Do babies like being tickled?

Even though babies get ticklish at some point, some kids hate the experience and would rather not participate in it. What you want to do as a parent is allow your child to give you permission to be that tickle monster you want to be. This is a powerful lesson of consent that should help your baby be a better human being.

Teaching your child that consent is important in your home should help him or her apply this lesson later on. Your child should be able to stand up for him or herself better simply because you encouraged the value of his or her voice.

Conclusion

Do not fret because you are going to have a long time before you have to worry about this lesson, but there will come a time when this act is going to have to be redefined.

As strange as it may seem, tickling has been used as a form of torture in the past.

Some people hate this act so much that they may actually feel traumatized by it.
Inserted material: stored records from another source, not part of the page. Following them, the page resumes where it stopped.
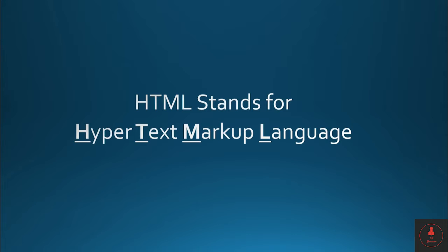And what is markup language? Markup is a language using which you mark the content. You mark the content purpose of the content using markup language.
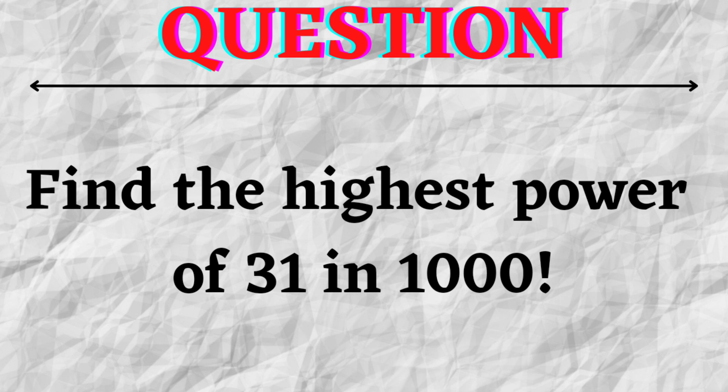I would like you to try to solve this question first by yourself and then come back to the video for the solution.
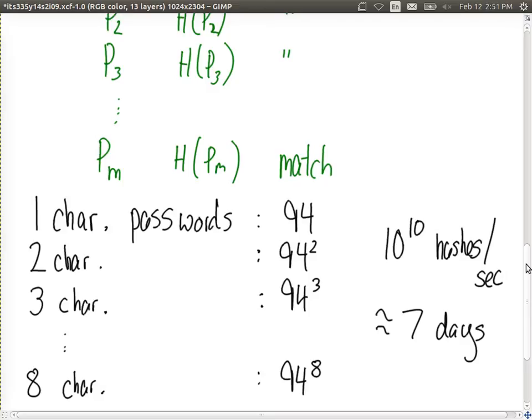How do we slow the attacker down? Force them to take longer? One solution is a longer password. Force the user to have 9 characters — don't allow 8 or less. That means we have 94 to the power of 9 — increasing by a factor of 94. 94 times more attempts needed. So 94 times 7 days is about 2 years.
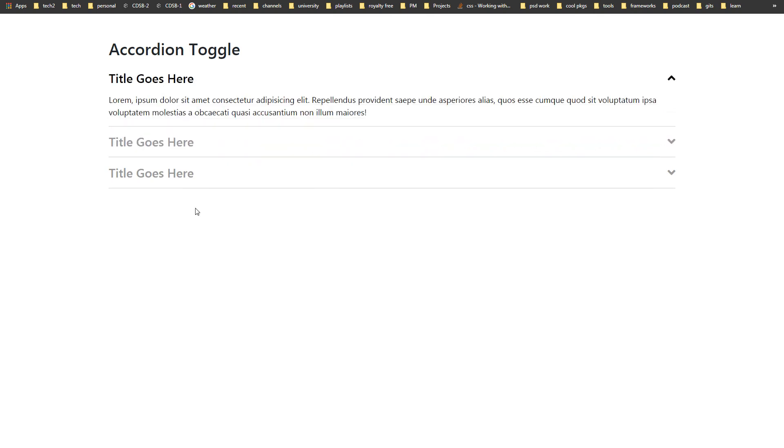I have detailed videos on simple toggle, slide toggle, accordion, and accordion slide at this channel. If you want to create custom toggle or custom accordion functionality, have a look at those videos. Links are in the description.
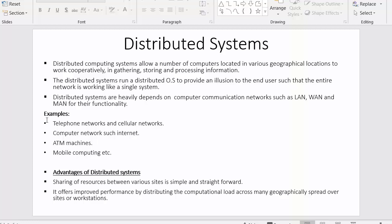The user will have an illusion that the entire network is working like a single system. Distributed systems are heavily dependent on computer communication networks such as LAN, WAN, and MAN for their functionality. These communication networks — local area network, wide area network, and metropolitan area network — are essential for distributed systems to work properly.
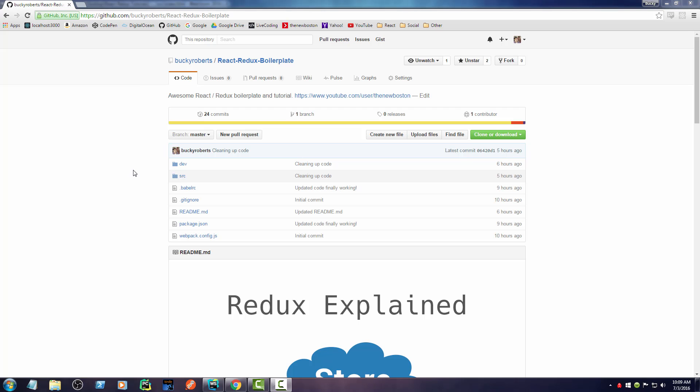All right guys, so now that you have a pretty good overview of Redux, let's go ahead and start writing some code. Now if you just want to follow along with these tutorials and watch them before writing any code, then go ahead and skip to the next video.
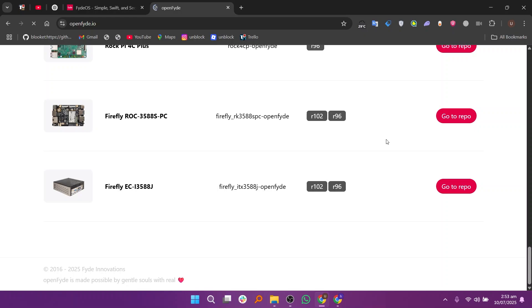If you want a simple and smooth experience, go with FydeOS. If you prefer full control and open-source freedom, OpenFyde is a better choice.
You do not want to be the parent who tortures a child, especially if your little boy or girl is telling you he or she does not want to be tickled.

Conclusion

Some children love to be tickled, so you can definitely keep doing it as long as you practice responsible tickling.

As you can see, babies will understand your tickling at some point, which is a good sign of child development, but there will come a time when this act will evolve.

You can talk to your pediatrician a little more about when babies get ticklish because this is obviously a bigger subject that some of people might have imagined, but hopefully some of these points have cleared things up for you.

Now, you can tell other parents why babies get ticklish a little later in life and all the neat lessons you can pass on to your infant with tickling.